For nearly 14 years researchers have been gathering information regarding the efficacy of annual versus biennial mammograms.

Now, after collecting data on almost a million women - 11,474 with breast cancer and 922,624 without - a team led by Dr. Karla Kerlikowske of the University of California-San Fransisco School of Medicine has published the results in JAMA Internal Medicine.

The verdict: women between the ages 50 and 74 who undergo a mammogram every two years are just as likely to catch a tumor before it reaches advanced stages as women of the same age who are checked annually. This was true even for those with dense breast tissue and women who had received hormone therapy.

What's more, they are less likely to experience a false-positive diagnosis, which has been shown to cause significant mental injury even years after the event. This is especially relevant given that more than half of abnormal mammograms are wrongly diagnosed as cancerous, according to a study published in the journal Annals of Family Medicine.

For women between the ages of 40 and 49 with extremely dense breasts, however, researchers found a different story. 

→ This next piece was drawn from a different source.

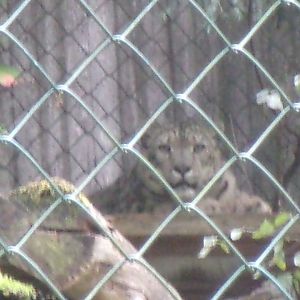 Snow leopard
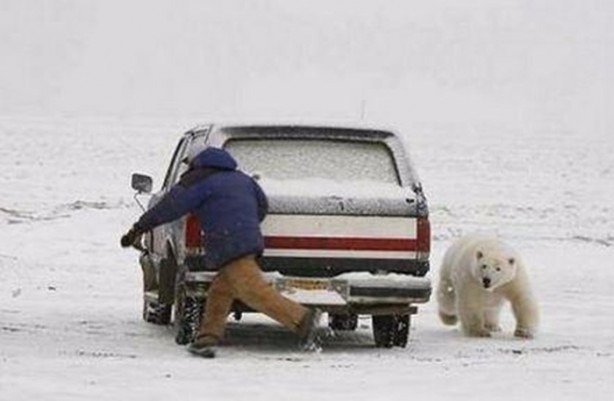 Foto - İnsanları en çok onlar öldürüyor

Women in their forties who only underwent the examination on a two-year basis were nearly twice as likely to be diagnosed with advanced-stage cancer and more than twice as likely to be diagnosed with large tumors when compared with women of the same age who received a mammogram on a yearly basis.

However, once again these women, those receiving a mammogram biennially, were less likely to receive false-positive diagnoses. As before, this was especially true for those with dense breast tissue and those who had undergone hormone therapy.

For this reason, Kerlikowske writes that women who fit this category - that of 40 to 49 years old with extremely dense breasts - should be informed that an "annual mammography may minimize their risk of advanced-stage disease but the cumulative risk of false-positive results is high."